Analyses were performed using R 3.6.2 (R Core Team, 2016) with ez (Lawrence, 2011/2015) and effectsize (Ben-Shachar et al., 2020) packages. For CNV we used rm-ANOVAs to compare the mean amplitude in the different conditions, whereas for N2pc and P1 we first calculated the mean amplitude of the ipsi and contra location of interest, and then performed rm-ANOVAs to compare the difference waves (DWs) resulting from the subtraction contra-minus-ipsi between different conditions. All these analyses were performed only using trials with correct responses. P values were corrected with Greenhouse-Geisser epsilon in cases of significant sphericity violation.

Results

Behaviour

In order to assess the effects of and interaction between statistical learning and top-down mechanisms, 2 × 2 rm-ANOVAs were conducted with Target Location Frequency (high, low) and Cue (valid, neutral) for accuracy and reaction time (RT).
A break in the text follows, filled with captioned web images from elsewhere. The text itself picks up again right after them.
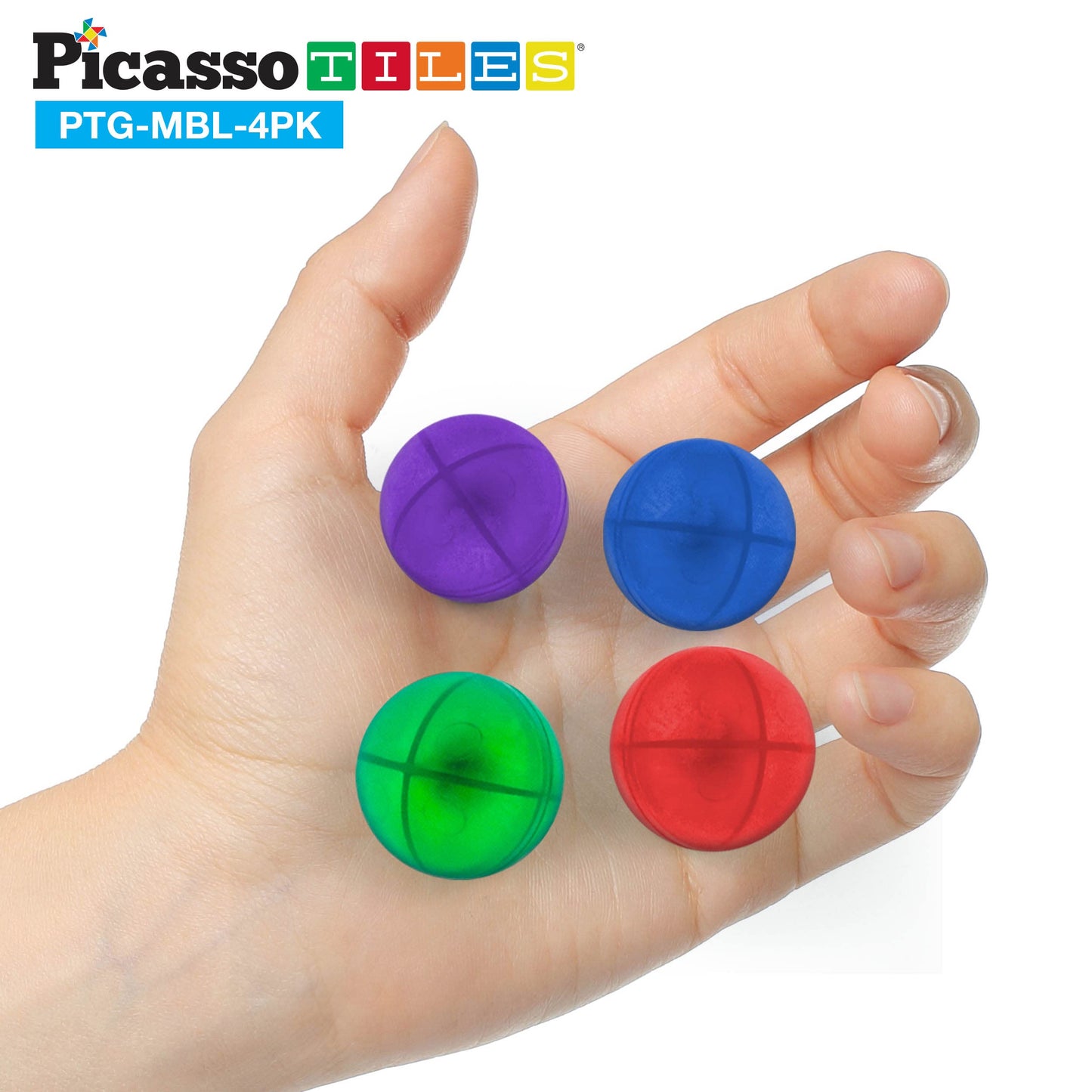 Picassotiles 4Pc Marbles For Magnetic Block Tiles Marble Run Race Track Magnet Building Tile Blocks Racetrack Maze Construction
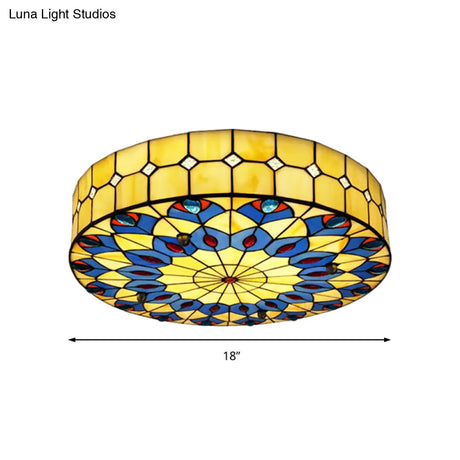 Tiffany Blue Peacock Design Flushmount Ceiling Light For Restaurants - 16’/18’ Round Shade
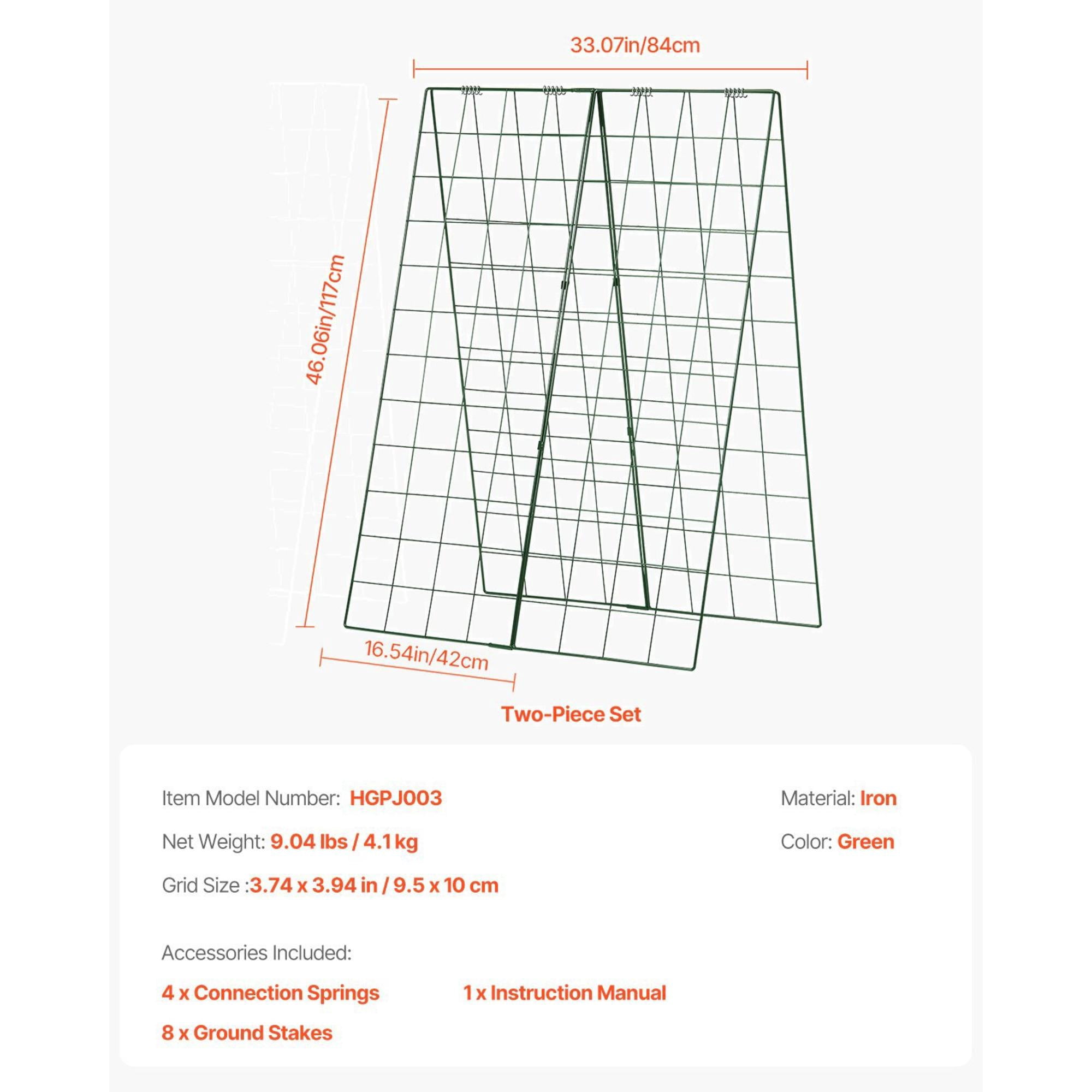 46" Foldable A-Frame Cucumber Trellis, Metal Garden Climbing Plant Support for Raised Beds, Tomatoes, Squash, and Vegetables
These analyses showed significant main effects of Cue for accuracy and RT [ACC: F(1, 23) = 15.32, p = 0.0006, η2p = 0.39; RT: F(1, 23) = 134.41, p < 0.0001, η2p = 0.85], and Target Location Frequency for RT [ACC: F(1, 23) = 0.46, p = 0.50, η2p = 0.01; RT: F(1, 23) = 6.10, p = 0.02, η2p = 0.20]. Importantly, a significant interaction between the two factors was observed for RT [ACC: F(1, 23) = 0.71, p = 0.40, η2p = 0.03; RT: F(1, 23) = 9.32, p = 0.005, η2p = 0.29]. Post hoc paired t-tests (two-tailed) revealed that participants were significantly faster in detecting the target in the HFTL compared with the LFTL, but only when the cue was neutral [t(23) = -2.84; p = 0.009, Cohen’s d = -0.34, -30 ms], and not when the cue was valid [t(23) = -0.73; p = 0.47, Cohen’s d = -0.04, -3 ms], suggesting that top-down control is able to exert a gating effect over SL mechanisms.Footnote 2 Furthermore, the benefit of the valid cue was observed in both the HFTL [t(23) = 12.25; p < 0.0001, Cohen’s d = 1.02, 100 ms] and the LFTL [t(23) = 9.75; p < 0.0001, Cohen’s d = 1.49, 130 ms] conditions (Fig. 2), but with a larger benefit for the cue in the latter (130 vs. 100 ms).

Fig. 2
figure 2

Mean accuracies (left) and reaction times (RTs; right) as a function of cue and target frequency conditions. Error bars represent the standard error of the mean

At the end of the experimental session, four participants reported having noticed something peculiar regarding the target frequency, and identified the correct high-frequency spatial location as the location where the target was more likely to appear. However, excluding these participants from the analysis did not change the main results, corroborating the implicit nature of the learning process.Footnote 3

N2pc

To investigate the effect of top-down AC and SL on the N2pc, we first investigated if the component was present in each condition. One-sample t-tests (one-tailed) showed a marginally significant N2pc (mean amplitude lesser than zero) for targets at the HFTL (following neutral cue: t(23) = −1.59, p = 0.06, Cohen's d = −0.32; following valid cue: t(23) = −1.57, p = 0.06, Cohen's d = −0.32), but not for targets at the LFTL (following neutral cue: t(23) = 0.25, p = 0.59, Cohen's d = 0.05; following valid cue: t(23) = −0.90, p = 0.18, Cohen's d = −0.18).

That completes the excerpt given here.